What to do If Your Personal Information is Breached

By BROOKE WELCH | bwelch@wfft.com

Published 02/27 2014 01:58PM

Updated 02/27 2014 02:12PM

Right before Christmas we reported on a major data breach with Target that resulted in millions of people having their private information put at risk for identity theft.  Recently, Indiana University released a statement that around 146,000 graduates and students associated with 7 of the University's campuses, may have had their names, addresses, and social security numbers exposed.

WFFT's Brooke Welch spoke with the Indiana State Police on what you can do if your personal information is breached.

7 different campuses around the Hoosier State are involved in this potential exposure investigation.  This latest possible exposure is a good reminder that all of us need to take seriously.  Keeping an eye on our personal information because if it's compromised, the damage can last for years.

"To be honest, I couldn't believe it."

Anthony Cronin had no idea his identity was stolen until detectives showed up at his workplace.
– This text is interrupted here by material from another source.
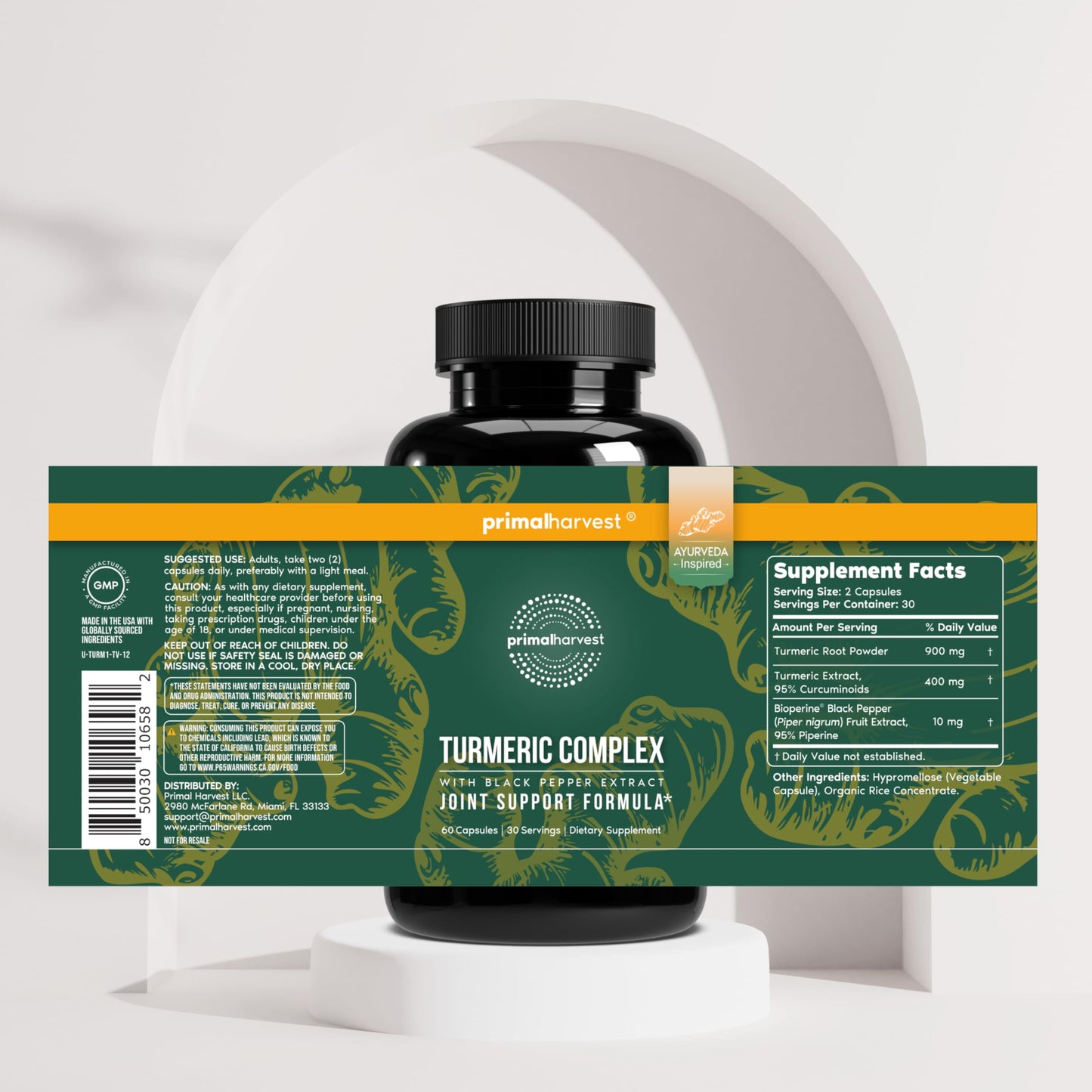 Primal Harvest Turmeric Complex Capsules 120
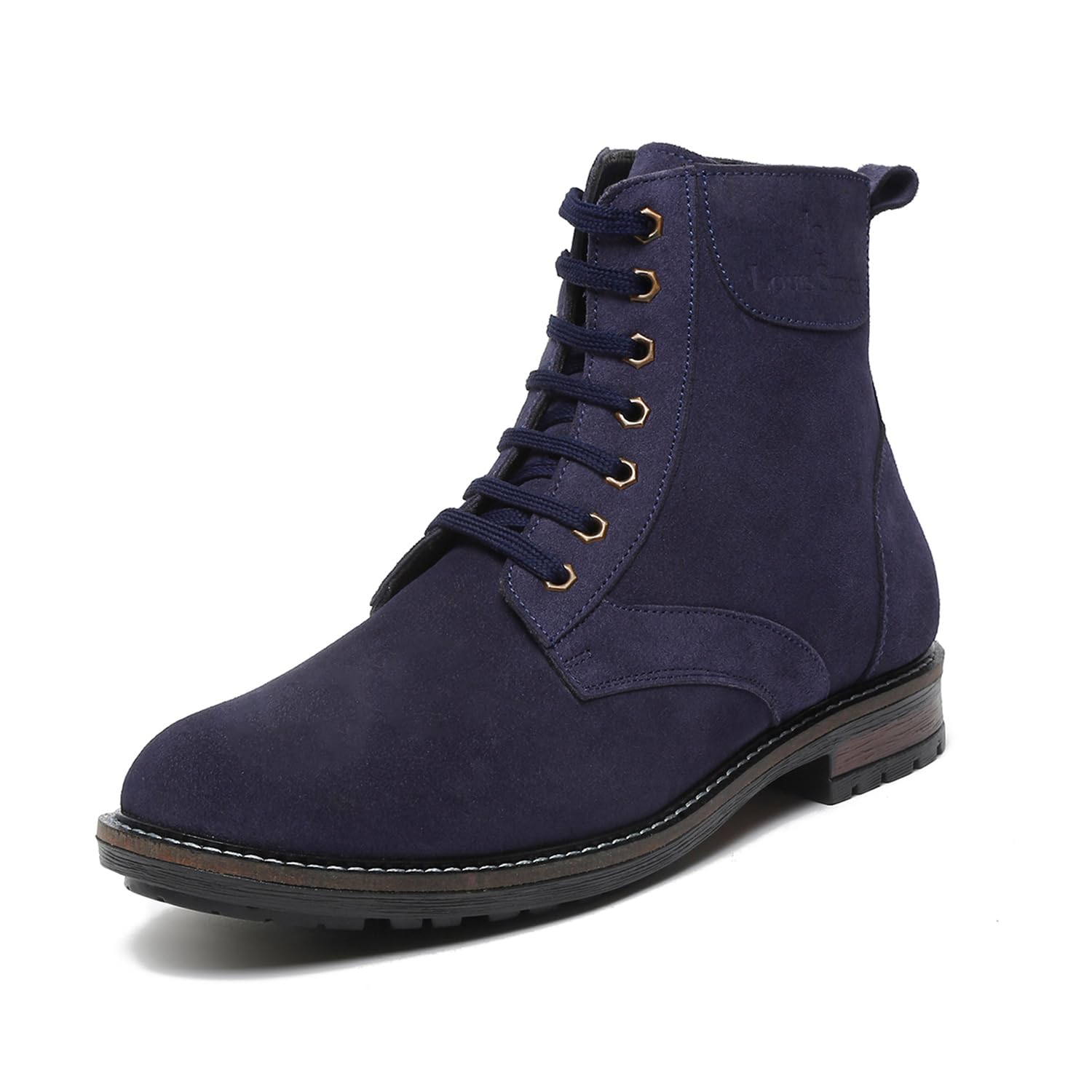 LOUIS STITCH Mens Italian Suede Leather Long Ankle Boots Handmade Shoes for Biking Hiking (American Blue) (SULBTBU) (Size-7 UK) (B08YRVS87Y) Amazon Price History, Amazon Price Tracker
"A guy in Washington DC lived as me for 8 1/2 years. He was married 3 times, he took a whole bunch of student loans out in my name, bank accounts in my name, and it's really messed me over pretty bad."

Sergeant Ron Galaviz says identity theft is the fastest growing crime in the 21st century.

"Identity theft knows no gender, no religious, no socioeconomic barrier.  If you draw a breath you stand the risk of having your identity taken."

While identity theft can be unavoidable, Sergeant Ron Galaviz has some ways you can protect yourself if you think your information might be compromised.

1.) Call the police and file a police report
2.) Contact your bank and credit cards
3.) Notify the three major credit bureaus
4.) Put a freeze on your credit report

You can also go to the Indiana Attorney General webpage for an identity theft tool kit.

"It can be life altering or a life changing event, if steps are not taken in a timely manner."

Unfortunately Anthony knows that first hand.  Anthony's perpetrator was only sentenced to 6 months in jail for something that Anthony is still dealing with today.

"I found out 4 years ago, and it's still going on to this day."

The good news in this story, officials don't believe the data was hacked into or used maliciously and of the 8 IU campuses, IPFW was the only one where information was not potentially exposed.